Loi sur la sécurité à Hong Kong : la cour d’appel rend son verdict pour les figures de l’opposition emprisonnées

La justice d’appel de Hong Kong s’est prononcée ce lundi sur le dossier des militants pro-démocratie, une affaire emblématique liée à la loi sur la sécurité nationale imposée par Pékin. Cette décision concerne les recours introduits par plusieurs figures de l’opposition condamnées pour subversion.

La cour a rejeté les appels formulés par les militants incarcérés. Onze d’entre eux, qui contestaient leur culpabilité, ont vu leur requête déboutée. Parmi ces personnalités figurent d’anciens parlementaires tels que Leung Kwok-hung, Lam Cheuk-ting, Raymond Chan et Helena Wong, ainsi que l’ancienne journaliste Gwyneth Ho. Les magistrats ont également rejeté l’intégralité des recours portant sur la durée des peines prononcées en première instance.

Une exception notable concerne Lawrence Lau, un ancien conseiller de district pro-démocratie. Les juges ont confirmé son acquittement, rejetant ainsi l’appel formulé par l’accusation à son encontre.

Ce dossier, connu sous le nom des « 47 de Hong Kong », trouve son origine dans l’organisation d’élections primaires non officielles en juillet 2020, à la suite des vastes manifestations de 2019. Le camp pro-démocratie espérait y désigner ses candidats pour les élections législatives, avec l’objectif d’obtenir une majorité permettant de bloquer le budget de la ville et d’imposer des réformes. Les autorités avaient qualifié cette initiative de complot subversif, procédant à des arrestations massives quelques mois plus tard. En 2024, quarante-cinq des accusés avaient écopé de peines allant de quatre à dix ans de prison.

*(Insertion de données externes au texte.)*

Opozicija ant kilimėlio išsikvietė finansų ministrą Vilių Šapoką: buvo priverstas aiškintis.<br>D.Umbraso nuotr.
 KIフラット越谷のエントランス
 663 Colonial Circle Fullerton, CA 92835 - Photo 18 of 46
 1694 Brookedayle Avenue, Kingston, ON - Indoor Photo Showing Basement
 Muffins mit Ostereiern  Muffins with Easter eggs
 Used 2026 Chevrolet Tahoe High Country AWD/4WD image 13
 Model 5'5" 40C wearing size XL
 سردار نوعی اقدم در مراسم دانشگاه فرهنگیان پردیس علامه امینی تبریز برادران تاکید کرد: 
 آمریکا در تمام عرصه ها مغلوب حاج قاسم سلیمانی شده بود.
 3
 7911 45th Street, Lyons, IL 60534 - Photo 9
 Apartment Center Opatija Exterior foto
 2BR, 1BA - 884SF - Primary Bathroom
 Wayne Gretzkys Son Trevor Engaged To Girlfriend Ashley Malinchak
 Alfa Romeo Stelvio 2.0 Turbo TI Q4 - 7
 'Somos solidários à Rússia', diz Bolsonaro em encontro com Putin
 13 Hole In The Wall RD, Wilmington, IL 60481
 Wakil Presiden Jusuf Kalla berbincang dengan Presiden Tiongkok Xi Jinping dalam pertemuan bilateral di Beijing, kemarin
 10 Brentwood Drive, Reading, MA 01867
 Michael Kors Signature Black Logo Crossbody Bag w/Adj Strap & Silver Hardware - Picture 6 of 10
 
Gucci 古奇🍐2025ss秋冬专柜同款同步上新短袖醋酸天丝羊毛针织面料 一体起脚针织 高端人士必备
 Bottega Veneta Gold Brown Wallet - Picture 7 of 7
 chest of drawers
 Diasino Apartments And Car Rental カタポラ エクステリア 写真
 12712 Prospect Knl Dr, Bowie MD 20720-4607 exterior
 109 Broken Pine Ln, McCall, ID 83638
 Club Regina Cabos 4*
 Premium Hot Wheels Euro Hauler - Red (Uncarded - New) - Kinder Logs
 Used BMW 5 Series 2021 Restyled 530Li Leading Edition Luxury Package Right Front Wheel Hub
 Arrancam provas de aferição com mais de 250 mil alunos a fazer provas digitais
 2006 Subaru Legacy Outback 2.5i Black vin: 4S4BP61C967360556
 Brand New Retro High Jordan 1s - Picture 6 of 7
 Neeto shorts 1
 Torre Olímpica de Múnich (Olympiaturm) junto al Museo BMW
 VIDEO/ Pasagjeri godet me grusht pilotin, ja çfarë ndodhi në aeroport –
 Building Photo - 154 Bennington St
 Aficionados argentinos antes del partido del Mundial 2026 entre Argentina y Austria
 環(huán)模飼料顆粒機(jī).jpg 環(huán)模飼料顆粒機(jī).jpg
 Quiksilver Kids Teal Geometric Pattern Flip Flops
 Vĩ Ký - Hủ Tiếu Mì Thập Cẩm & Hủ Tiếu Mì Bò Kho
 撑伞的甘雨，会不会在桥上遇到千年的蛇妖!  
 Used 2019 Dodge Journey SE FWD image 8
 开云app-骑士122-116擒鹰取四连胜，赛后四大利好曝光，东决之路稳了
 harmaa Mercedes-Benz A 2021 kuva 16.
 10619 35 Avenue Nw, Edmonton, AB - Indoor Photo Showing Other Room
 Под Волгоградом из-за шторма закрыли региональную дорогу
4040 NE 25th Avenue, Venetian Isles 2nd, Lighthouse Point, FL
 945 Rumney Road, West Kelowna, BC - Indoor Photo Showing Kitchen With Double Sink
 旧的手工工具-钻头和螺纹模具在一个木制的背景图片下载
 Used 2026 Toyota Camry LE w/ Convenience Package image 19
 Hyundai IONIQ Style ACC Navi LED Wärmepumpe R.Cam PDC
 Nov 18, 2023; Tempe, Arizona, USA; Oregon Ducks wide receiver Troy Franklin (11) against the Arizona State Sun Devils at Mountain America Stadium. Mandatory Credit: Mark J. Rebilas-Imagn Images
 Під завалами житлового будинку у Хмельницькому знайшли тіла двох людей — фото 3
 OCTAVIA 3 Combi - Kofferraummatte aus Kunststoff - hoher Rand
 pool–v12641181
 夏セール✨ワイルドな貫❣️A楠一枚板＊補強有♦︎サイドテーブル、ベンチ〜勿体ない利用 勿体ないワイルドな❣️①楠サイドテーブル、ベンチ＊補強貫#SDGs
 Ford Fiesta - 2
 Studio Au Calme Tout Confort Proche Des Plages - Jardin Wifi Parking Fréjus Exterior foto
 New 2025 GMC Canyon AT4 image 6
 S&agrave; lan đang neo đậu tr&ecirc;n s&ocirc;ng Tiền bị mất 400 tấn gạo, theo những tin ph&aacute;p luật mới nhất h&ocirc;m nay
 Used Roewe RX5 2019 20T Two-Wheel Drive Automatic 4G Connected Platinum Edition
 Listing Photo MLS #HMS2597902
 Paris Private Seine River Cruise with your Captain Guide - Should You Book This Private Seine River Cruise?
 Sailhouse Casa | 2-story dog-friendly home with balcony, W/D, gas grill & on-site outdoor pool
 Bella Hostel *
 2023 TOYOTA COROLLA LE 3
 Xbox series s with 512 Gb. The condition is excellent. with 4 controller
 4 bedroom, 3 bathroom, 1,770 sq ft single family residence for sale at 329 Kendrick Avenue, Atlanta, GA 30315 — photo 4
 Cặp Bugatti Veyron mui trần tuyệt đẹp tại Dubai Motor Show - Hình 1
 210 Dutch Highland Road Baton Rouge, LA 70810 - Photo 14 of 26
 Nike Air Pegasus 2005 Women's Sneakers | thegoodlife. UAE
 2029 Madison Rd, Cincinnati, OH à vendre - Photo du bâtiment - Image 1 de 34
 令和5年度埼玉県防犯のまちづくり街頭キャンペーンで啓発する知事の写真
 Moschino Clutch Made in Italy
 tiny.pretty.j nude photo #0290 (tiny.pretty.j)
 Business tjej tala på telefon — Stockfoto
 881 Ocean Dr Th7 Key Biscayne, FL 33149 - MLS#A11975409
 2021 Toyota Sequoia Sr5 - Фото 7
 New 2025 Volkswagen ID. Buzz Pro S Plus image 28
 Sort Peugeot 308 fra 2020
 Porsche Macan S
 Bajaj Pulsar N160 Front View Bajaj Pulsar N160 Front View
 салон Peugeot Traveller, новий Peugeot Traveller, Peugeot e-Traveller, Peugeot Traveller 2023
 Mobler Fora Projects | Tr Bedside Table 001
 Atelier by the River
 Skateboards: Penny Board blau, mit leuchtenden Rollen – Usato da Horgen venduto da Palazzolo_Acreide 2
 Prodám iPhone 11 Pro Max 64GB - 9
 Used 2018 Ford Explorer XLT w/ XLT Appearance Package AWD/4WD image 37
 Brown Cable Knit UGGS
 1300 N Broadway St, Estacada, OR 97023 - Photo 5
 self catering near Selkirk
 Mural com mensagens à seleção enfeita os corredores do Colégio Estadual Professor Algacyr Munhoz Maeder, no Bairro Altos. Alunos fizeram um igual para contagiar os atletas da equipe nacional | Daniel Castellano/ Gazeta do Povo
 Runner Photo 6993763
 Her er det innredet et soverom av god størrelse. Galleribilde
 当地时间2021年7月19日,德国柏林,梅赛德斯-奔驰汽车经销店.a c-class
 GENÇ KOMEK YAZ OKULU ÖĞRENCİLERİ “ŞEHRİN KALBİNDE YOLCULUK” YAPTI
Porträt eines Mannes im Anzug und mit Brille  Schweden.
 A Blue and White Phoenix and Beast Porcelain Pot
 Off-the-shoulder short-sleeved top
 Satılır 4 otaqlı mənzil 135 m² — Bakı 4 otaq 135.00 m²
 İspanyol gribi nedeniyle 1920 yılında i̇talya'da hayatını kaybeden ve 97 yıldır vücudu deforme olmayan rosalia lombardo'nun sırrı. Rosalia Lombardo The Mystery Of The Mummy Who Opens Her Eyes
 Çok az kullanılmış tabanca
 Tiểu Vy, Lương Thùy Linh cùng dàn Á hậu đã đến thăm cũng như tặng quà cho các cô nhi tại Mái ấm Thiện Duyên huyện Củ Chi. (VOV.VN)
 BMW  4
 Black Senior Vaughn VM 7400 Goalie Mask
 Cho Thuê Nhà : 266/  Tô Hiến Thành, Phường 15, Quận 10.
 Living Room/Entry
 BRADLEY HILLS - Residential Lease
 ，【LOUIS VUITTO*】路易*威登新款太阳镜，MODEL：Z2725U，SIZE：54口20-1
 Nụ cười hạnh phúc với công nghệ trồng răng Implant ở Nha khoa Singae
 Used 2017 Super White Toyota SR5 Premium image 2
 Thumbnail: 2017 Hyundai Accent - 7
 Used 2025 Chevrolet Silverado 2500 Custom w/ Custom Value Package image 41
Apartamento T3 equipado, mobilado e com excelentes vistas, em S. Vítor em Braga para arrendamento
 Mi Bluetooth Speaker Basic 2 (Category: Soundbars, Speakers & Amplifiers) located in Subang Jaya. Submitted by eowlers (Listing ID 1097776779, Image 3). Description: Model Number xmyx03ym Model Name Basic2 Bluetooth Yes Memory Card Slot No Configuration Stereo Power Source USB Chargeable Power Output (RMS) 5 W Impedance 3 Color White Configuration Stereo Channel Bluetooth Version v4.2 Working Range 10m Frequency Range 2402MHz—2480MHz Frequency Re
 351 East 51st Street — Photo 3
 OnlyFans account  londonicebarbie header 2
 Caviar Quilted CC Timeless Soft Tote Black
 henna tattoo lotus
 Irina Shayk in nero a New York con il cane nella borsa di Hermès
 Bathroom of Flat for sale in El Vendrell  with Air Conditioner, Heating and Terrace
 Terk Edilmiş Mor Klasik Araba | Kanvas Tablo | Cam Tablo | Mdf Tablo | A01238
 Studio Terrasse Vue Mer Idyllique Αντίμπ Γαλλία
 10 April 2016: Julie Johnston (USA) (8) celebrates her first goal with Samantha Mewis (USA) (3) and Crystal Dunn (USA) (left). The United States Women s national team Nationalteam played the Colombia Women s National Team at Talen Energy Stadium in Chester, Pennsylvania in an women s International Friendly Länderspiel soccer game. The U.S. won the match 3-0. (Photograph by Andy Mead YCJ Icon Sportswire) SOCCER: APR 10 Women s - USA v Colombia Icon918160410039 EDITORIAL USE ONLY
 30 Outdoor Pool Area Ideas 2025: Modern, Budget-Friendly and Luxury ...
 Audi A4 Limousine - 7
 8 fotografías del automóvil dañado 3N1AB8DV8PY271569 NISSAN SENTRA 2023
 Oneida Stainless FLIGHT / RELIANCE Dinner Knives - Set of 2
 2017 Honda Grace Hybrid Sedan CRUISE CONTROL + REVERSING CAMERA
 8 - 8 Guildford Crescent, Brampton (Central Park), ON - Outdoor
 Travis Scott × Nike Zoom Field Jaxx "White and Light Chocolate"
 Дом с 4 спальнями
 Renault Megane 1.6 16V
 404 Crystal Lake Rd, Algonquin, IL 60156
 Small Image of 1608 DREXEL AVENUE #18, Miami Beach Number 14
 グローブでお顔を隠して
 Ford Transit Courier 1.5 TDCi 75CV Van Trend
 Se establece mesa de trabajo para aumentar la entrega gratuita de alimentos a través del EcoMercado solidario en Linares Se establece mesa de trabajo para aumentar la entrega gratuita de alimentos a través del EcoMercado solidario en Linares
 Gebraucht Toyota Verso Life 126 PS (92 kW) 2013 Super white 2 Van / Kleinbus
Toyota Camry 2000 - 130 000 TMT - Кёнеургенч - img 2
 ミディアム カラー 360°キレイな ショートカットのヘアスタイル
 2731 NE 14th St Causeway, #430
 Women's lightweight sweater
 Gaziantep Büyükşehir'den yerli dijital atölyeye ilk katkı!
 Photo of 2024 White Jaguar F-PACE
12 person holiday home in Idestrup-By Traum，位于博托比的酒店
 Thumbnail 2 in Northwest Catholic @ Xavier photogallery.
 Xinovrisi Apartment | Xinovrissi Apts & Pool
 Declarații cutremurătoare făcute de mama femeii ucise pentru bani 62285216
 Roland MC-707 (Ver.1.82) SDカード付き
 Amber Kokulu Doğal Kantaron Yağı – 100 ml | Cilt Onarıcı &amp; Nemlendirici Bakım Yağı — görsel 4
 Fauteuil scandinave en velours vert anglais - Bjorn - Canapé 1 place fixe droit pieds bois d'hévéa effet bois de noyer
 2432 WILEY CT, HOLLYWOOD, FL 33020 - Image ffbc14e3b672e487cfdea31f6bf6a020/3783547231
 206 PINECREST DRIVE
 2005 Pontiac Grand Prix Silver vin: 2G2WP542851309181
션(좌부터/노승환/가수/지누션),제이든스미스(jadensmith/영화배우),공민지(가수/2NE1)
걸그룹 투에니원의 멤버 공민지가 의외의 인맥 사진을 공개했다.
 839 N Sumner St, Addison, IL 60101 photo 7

Lors du procès, l’accusation a soutenu que l’objectif des militants était de paralyser le gouvernement local et de forcer la démission de l’exécutif. La défense, représentée notamment par l’avocat Erik Shum, a argué que le blocage du budget constituait un mécanisme de contrôle prévu par la mini-constitution du territoire.

Certains des accusés ont déjà passé près de cinq ans derrière les barreaux. Le mois dernier, dix-huit autres prévenus n’ayant pas fait appel ont été libérés après avoir purgé leur peine. Selon le média Al Jazeera, cette décision judiciaire s’inscrit dans un contexte de durcissement des restrictions sur la liberté d’expression à Hong Kong, marqué au début du mois par la condamnation à vingt ans de prison du magnat de la presse Jimmy Lai.